Aristotele nella Politica, che è un trattato intorno allo Stato, esprime questo concetto: "Se per gustare la musica si dovesse essere esperti di studi musicali, allora anche chiunque si compiace di cibi squisiti dovrebbe saperli preparare". Si tratta di un'affermazione paradossale, in quanto nella società greca esisteva la figura del cuoco a pagamento e a domicilio, e quindi chi voleva gustare cibi squisiti non necessariamente doveva anche saperli preparare. Con questa affermazione Aristotele intendeva dire che non è necessario conoscere la musica da un punto di vista tecnico per provare piacere, e voleva distinguere la partecipazione interiore alle esecuzioni musicali dalla capacità di fare musica; e questo era un concetto del tutto nuovo per i Greci.

Anche a questo proposito possiamo istituire un allarmante paragone con l'attualità. Ormai nel nostro tempo la pratica della musica per chi non se ne occupa professionalmente è decaduta. E questo è uno dei danni che la specializzazione del sapere e della cultura ha portato al nostro tempo: un danno che non è soltanto di natura estetica, ma anche di natura etica e conoscitiva.

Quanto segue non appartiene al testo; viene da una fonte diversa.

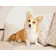 Paint by numbers Strateg PREMIUM Corgi on the couch size 40x50 cm (DY274)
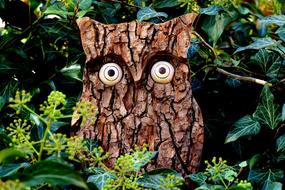 Owl Tree Bark Nature Eagle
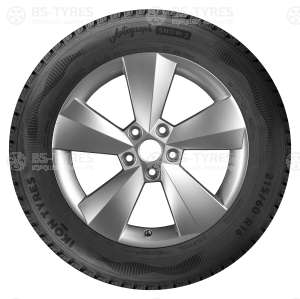 Ikon (Nokian Tyres) Autograph Snow C3 205/65 R16C 107/105R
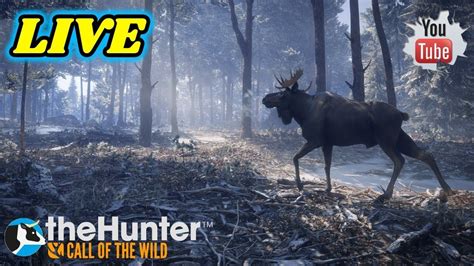 The hunter call of the wild pc join multiplayer - loudlop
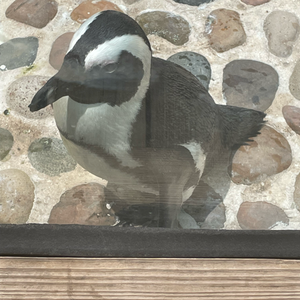 penguiness63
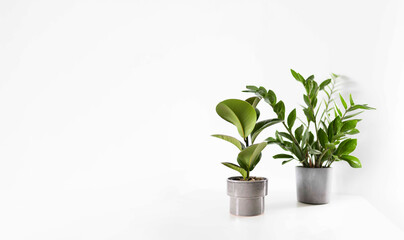 Zamioculcas and  ficus home plant green leaves on white background with copy space. Tropical, botanical concept. Minimalism and house plant.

Ritornando ad Aristotele, scartiamo la sua paradossale affermazione che non è necessario essere esperti di studi musicali per gustare la musica. Infatti se accettassimo questo discorso, la nostra indagine finirebbe subito. Con l'opinione di Aristotele, scartiamo anche la gastronomia che ero tentato di aggiungere come quinto argomento alla nostra tematica, argomento quanto mai allietante, ma forse un po' marginale. Non scarteremo, tuttavia, l'alimentazione e la dieta, perché esse rientreranno con la medicina nel nostro discorso; e ricorreremo di nuovo ad Aristotele per affrontare quella dimensione seria del discorso sulla musica che oppone al piacere, alla hedoné della musica, la paideia, ossia la sua funzione educativa.

2. PLATONE E LA MUSICA

Platone, nelle Leggi, la sua ultima opera che è anche la più complessa, la più ardua, la più ampia, quella in cui egli tenta di istituire in maniera più precisa un rapporto tra la dimensione metafisica e la dimensione sociale e politica dell'esistenza, dice: "Quelli che chiamiamo canti hanno lo scopo di insinuare nell'anima un costume che si mantenga nell'ordine della legge". La musica, per Platone, ha una funzione morale e politica. L'ordine della legge garantisce la struttura politica e la musica "insegna" la legge, secondo un concetto ampiamente condiviso dalla cultura greca precedente.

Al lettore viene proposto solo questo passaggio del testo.